Pendidikan

Perbedaan Kimia Organik dan Anorganik

Perbedaan Kimia Organik dan Anorganik

Perbedaan Utama – Kimia Organik vs Anorganik. Dalam pandangan luas, kimia dapat diklasifikasikan sebagai cabang ilmu fisika yang menjelaskan asal, struktur dan perilaku materi dan perubahan materi dari satu bentuk ke bentuk lainnya. Kimia Anorganik dan Organik adalah dua cabang kimia yang berbeda yang tergantung pada sifat senyawa.

Perbedaan utama antara kimia organik dan anorganik adalah bahwa kimia anorganik adalah studi tentang senyawa anorganik, sedangkan kimia organik adalah studi tentang senyawa organik.

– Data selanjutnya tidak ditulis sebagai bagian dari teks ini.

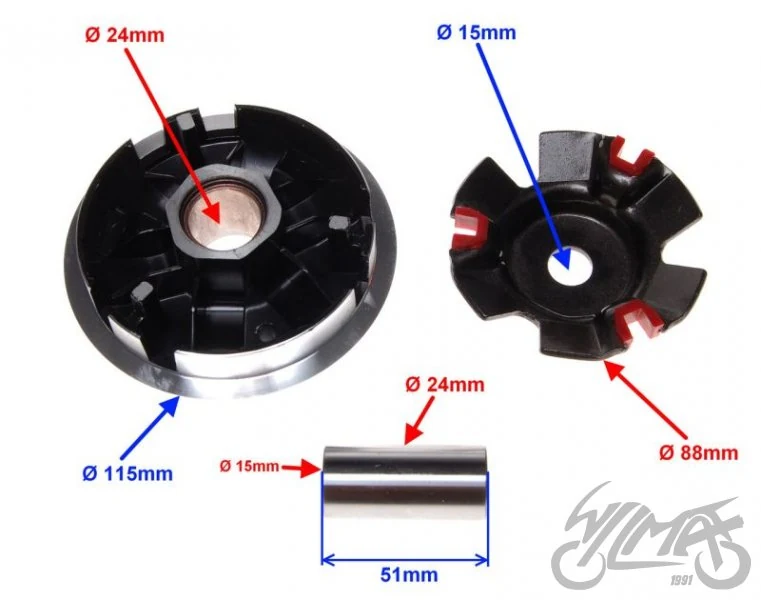 Wariator 4T bez tarczy 125 GY6 4T tuning — ujęcie 2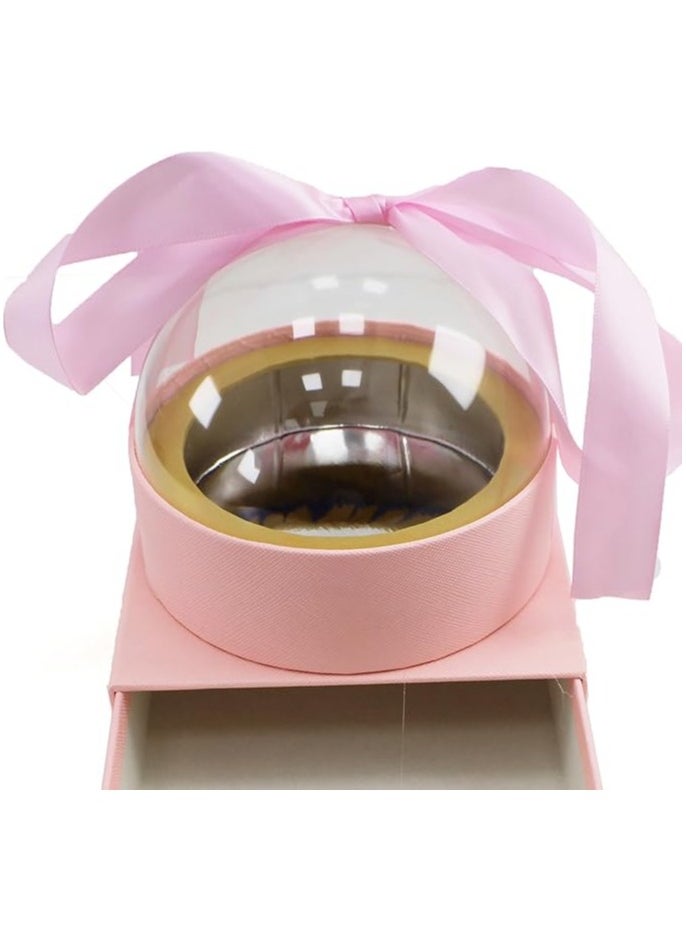 Generic Acrylic Round Gift Box Transparent Storage Box for Jewelry Gifts Decorations and Special Occasions Display Case Perfect for Weddings Birthdays and Holiday Gifts (PINK COLOR, 14.5X12.5X11.5 CM)  - Image 2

Pengertian Kimia Anorganik

Secara umum, molekul anorganik adalah molekul yang tidak memiliki struktur hidrokarbon definitif (terbuat dari atom karbon dan hidrogen). Mereka terutama terdiri dari ion, dan ion-ion ini bertindak sebagai dasar dari reaktivitas kimianya. Ion terbentuk ketika molekul atau atom memiliki jumlah elektron yang kurang atau lebih banyak daripada konfigurasi elektronik aslinya.

Namun, ion dibentuk untuk membuat atom / molekul lebih stabil, memberi mereka konfigurasi elektronik dari gas mulia. Karena itu, ketika atom mencapai konfigurasi elektronik gas mulia, mereka menjadi bermuatan positif atau negatif. Spesies bermuatan positif disebut kation dan spesies bermuatan negatif disebut anion. Kation dan anion secara alami tertarik satu sama lain melalui interaksi ionik yang membentuk jenis ikatan kimia terkuat, yang disebut ikatan ionik . Secara umum, mereka semua dikategorikan sebagai senyawa anorganik. Namun, ada juga sejumlah besar senyawa, terikat oleh ikatan kovalen , yang termasuk dalam kategori senyawa anorganik. yaitu HCl, CO2 , H2O.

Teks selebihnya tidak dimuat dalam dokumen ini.